__Collected material__
══════════════════════════════
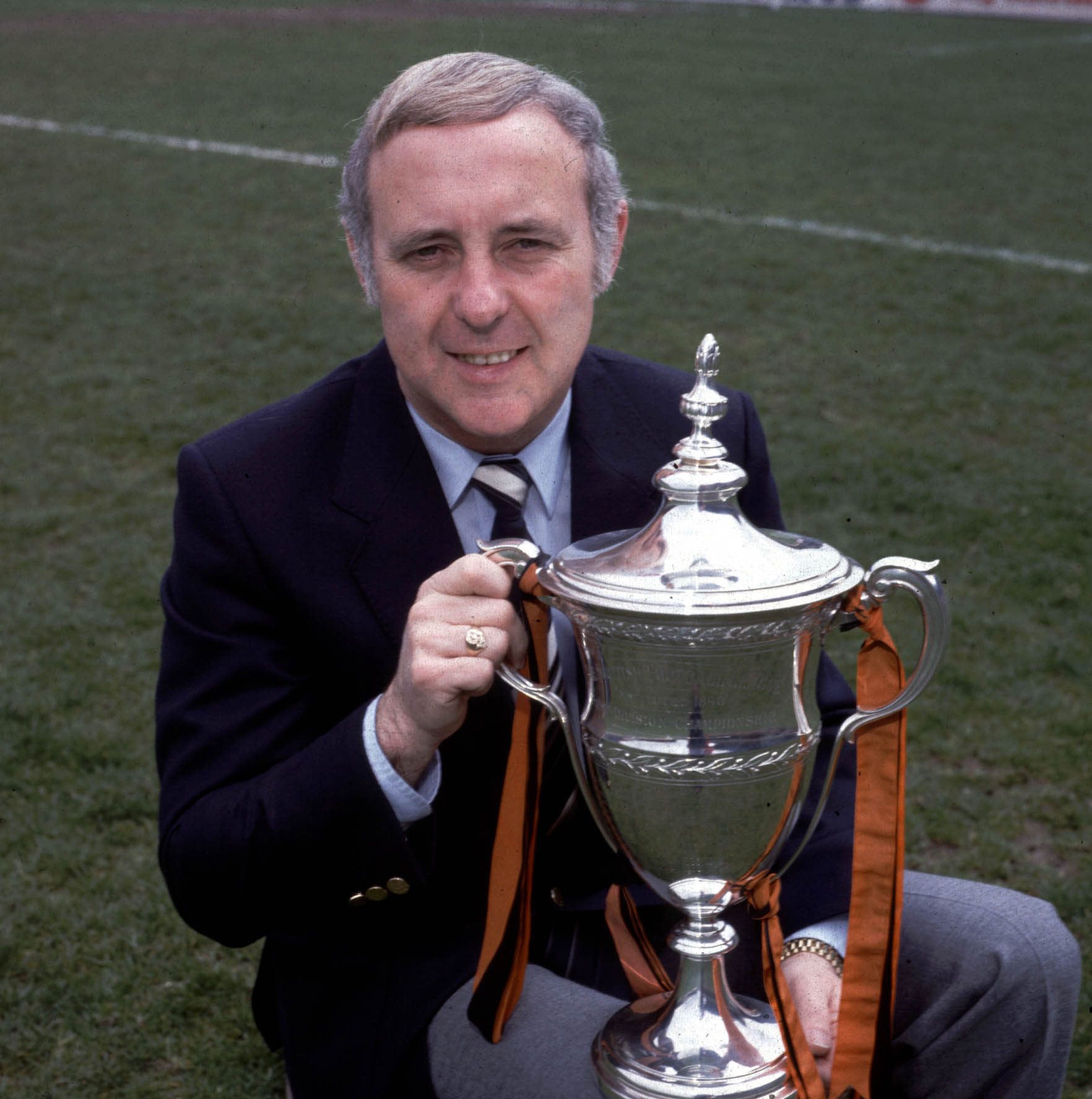 Jim McLean sits proudly with the Scottish Premier Division trophy, which his United side won in 1983.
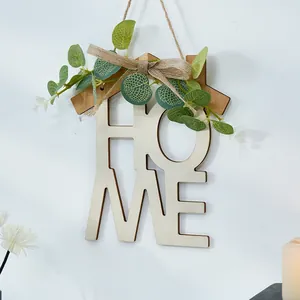 Vista detallada de la decoración de pared HOME de madera con hojas verdes y lazo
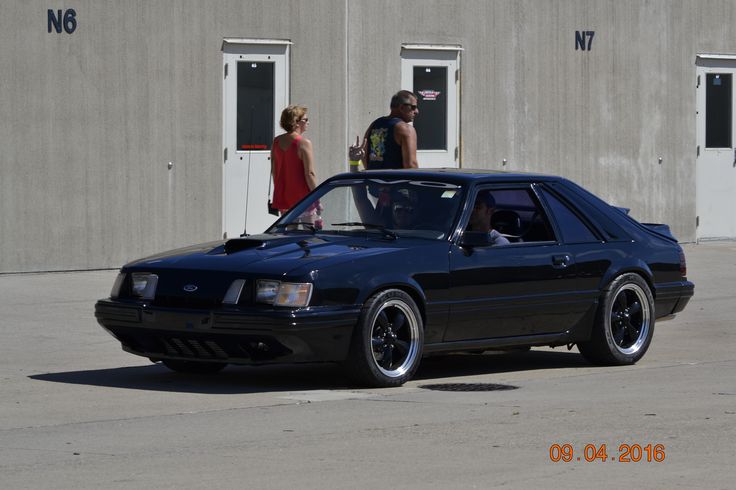 a black car parked in front of a building with two people standing around looking at it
══════════════════════════════
__What the task requires__
Leaving the pictures out, output all of the listing exactly.

__Exercise output__
 Jim McLean sits proudly with the Scottish Premier Division trophy, which his United side won in 1983.
 Vista detallada de la decoración de pared HOME de madera con hojas verdes y lazo
 a black car parked in front of a building with two people standing around looking at it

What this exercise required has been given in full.